Il bollino non lo devo avere significa che avendolo comperato all'estere non ho il dovere di averlo?
Alla siae sembra che sia reato, se compero dvd all'estero posso usarlo in privato ma non in luogo pubblico quanto meno in discoteca questo è quello che ho capito da come mi rispondono.
Adesso ho provato a scrivere anche a uffici della sede centrale per vedere se riescono a darmi risposta.
A volte mi sembra che vogliano farla difficile proprio per il gusto di multarti.
In un controllo fatto recentemente a Modena l'ispettore che faceva i controlli era arabbiato e scocciato perchè il DJ non aveva cd e lui sosteneva che li aveva, nascosti ma li aveva.
Poteva magari avere ragione purtroppo il dj in questione però era anche proprietario di un negozio di dischi.

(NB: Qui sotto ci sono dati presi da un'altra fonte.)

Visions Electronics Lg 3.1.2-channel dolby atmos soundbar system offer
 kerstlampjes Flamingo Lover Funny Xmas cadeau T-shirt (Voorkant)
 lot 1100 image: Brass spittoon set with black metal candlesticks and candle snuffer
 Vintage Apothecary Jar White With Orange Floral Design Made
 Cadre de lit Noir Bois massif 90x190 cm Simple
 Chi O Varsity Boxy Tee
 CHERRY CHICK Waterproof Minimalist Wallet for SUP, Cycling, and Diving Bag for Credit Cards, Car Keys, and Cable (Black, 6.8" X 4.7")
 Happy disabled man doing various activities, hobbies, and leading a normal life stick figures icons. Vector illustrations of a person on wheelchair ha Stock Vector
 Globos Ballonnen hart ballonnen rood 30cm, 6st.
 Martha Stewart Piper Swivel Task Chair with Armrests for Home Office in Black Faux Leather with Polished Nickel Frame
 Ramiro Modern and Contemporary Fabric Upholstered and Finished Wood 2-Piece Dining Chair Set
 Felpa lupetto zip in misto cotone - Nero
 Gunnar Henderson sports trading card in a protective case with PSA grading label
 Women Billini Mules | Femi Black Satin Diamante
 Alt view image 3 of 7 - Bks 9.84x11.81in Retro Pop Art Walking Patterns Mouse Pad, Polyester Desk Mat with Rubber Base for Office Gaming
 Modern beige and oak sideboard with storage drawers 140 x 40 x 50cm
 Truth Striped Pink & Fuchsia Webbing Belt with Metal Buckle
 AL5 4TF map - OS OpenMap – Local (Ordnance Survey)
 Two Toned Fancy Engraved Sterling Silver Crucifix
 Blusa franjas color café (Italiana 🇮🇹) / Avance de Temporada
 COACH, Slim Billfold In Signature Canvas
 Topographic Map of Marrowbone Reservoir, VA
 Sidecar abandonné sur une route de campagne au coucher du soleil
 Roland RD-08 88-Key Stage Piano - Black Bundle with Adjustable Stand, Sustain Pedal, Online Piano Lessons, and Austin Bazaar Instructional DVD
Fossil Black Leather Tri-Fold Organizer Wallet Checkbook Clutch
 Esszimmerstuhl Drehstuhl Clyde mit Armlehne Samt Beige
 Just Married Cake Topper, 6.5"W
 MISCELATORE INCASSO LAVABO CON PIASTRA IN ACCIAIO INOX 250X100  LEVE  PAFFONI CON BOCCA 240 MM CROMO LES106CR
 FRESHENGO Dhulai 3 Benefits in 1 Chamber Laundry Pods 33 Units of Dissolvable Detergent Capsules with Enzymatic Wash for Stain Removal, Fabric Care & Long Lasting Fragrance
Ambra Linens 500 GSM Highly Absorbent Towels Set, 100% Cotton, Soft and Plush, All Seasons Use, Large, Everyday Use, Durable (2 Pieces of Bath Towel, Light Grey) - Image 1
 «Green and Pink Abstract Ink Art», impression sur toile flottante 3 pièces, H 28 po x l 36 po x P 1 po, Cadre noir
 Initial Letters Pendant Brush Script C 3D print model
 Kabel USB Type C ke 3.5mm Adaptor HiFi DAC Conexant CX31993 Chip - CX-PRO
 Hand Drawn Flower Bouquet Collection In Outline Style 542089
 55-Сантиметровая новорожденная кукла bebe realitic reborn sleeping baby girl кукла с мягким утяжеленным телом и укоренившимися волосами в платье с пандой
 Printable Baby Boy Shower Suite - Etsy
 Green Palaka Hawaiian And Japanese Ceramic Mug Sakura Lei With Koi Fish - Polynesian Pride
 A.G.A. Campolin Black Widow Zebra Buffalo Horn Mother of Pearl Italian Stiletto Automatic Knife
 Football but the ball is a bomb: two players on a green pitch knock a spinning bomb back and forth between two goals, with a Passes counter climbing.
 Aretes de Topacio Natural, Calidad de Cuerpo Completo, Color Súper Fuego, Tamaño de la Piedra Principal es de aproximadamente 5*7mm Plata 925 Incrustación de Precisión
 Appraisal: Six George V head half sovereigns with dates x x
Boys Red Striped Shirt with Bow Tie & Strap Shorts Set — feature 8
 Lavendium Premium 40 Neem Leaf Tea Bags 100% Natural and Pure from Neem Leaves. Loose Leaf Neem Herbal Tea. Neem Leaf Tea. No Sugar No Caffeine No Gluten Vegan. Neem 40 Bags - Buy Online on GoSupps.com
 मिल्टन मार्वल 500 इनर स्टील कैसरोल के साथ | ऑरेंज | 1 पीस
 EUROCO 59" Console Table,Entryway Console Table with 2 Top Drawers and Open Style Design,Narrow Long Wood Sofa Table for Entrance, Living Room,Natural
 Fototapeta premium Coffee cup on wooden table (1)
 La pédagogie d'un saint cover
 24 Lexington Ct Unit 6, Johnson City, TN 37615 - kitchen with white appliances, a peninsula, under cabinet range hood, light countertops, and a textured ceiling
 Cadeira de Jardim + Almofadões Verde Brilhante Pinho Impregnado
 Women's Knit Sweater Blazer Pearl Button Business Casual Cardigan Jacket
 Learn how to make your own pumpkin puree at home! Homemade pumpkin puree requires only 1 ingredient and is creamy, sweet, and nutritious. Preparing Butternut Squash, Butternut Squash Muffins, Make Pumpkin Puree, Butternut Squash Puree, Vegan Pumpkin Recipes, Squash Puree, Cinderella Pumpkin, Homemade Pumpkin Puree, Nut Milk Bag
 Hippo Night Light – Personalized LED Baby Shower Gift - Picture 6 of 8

Proprio lui on in regola????
appunto Dott. Mazza, non faccia finta di non sapere come stanno le cose, capisco che voglia divertirsi un po' con noi ma per cortesia, ogni tanto si ricordi che non è un impiegato, può tranquillamente smettere di parlare in burocratese qui in questo forum ...
"ceduti in uso a qualunque titolo a fine di lucro"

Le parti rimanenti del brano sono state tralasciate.